Ein Eisenbett mitten auf dem Dachfirst und ein Fotoshooting mit einer Geige spielenden jungen Frau vor einer farbenfrohen Graffiti-Mauer: eine kleine Porzellanengelfigur auf einer Astgabel scheint die Szene in der sternenklaren Nacht mit verschmitztem Lächeln zu beobachten. Was ein wenig skurril wirkt, ist der Blick von der Panoramaterrasse des Restaurants Sweetroot. Es befindet sich hinter einer Flussschleife in der selbst ernannten Künstlerkolonie Užupis auf einer Halbinsel in Litauens Hauptstadt Vilnius.
Das ehemals handwerklich geprägte Viertel verkam in der Sowjetzeit und verfiel, bis sich Anfang der 1990er Jahre in den verfallenen Häusern Künstler ansiedelten und seitdem den Stadtteil nach und nach sanieren. Galerien, Kunsthandwerksläden und Cafés prägen dieses Gebiet. Die Bewohner haben ihren Stadtteil zu einer “Narrenrepublik” ausgerufen, mit eigener Verfassung, eigener Flagge, einer Nationalhymne, eigenem Stempel, einem Präsidenten und einem eigenen Denkmal – dem Trompete spielenden Engel. „Jeder Mensch hat das Recht, glücklich zu sein. Jeder Mensch hat das Recht, unglücklich zu sein. Jeder Mensch hat das Recht, beim Fluss Vilnia zu leben, und der Fluss Vilnia hat das Recht, an jedem vorbei zu fließen. Jeder Mensch hat das Recht auf heißes Wasser, Heizung im Winter und ein gedecktes Dach“, lauten einige Beispiele der Verfassung der Republik, dessen Botschafter unter anderem der Dalai Lama ist.

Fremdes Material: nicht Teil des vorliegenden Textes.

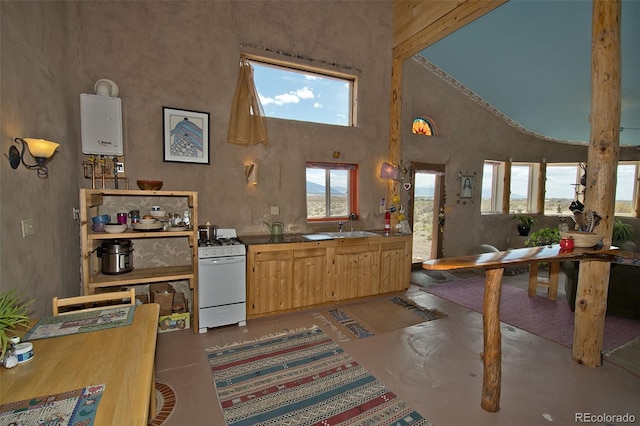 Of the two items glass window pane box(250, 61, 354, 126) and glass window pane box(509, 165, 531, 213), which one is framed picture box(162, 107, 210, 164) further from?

Auch die Inhaber des Restaurants Sweetroot gehen neue, ungewohnte Wege. Sie besinnen sich auf ihre Wurzeln, Traditionen des Landes und die oft unterschätzten Produkte. So stellen die Gerichte eine Mischung aus Erinnerungen der Kindheit, litauischer Kochkunst und dem Rhythmus der Natur dar. Serviert und gekocht wird mit viel Muße. Der Gast sollte Zeit mitbringen, denn das Auftragen der einzelnen, meist graphisch dekorierten Gänge wird ausgiebig zelebriert. Inhaber Sigitas Žemaitis erklärt mit Begeisterung, welcher Aufwand betrieben wird, um die Zutaten zu finden. An freien Tagen beispielsweise geht er mit dem Koch in den Wald um Pilze und Beeren zu sammeln, oder er erntet für den Gang „Der Geschmack von Litauen“ im eigenen Gewächshaus verschiedene Sorten Tomaten. Im Menü folgt ein Gelee aus reduziertem Bratensaft vom Schwein mit Thymianblättchen und einem kleinen Beet mit Miniaturapfelstückchen. Vom Garten führt die Reise in den Wald: Pfifferlingssüppchen! Anschließend kombiniert Chefkoch Justinas Misius Schnecken mit Pasta und Ysop. Als Hauptgang reicht er gesalzenen Aal mit geräucherten Kartoffelstiften und zum Dessert serviert er eine edelsüße Komposition aus Haselnuss, Ziegenmilch, Macarons mit Pollen und Stachelbeeren.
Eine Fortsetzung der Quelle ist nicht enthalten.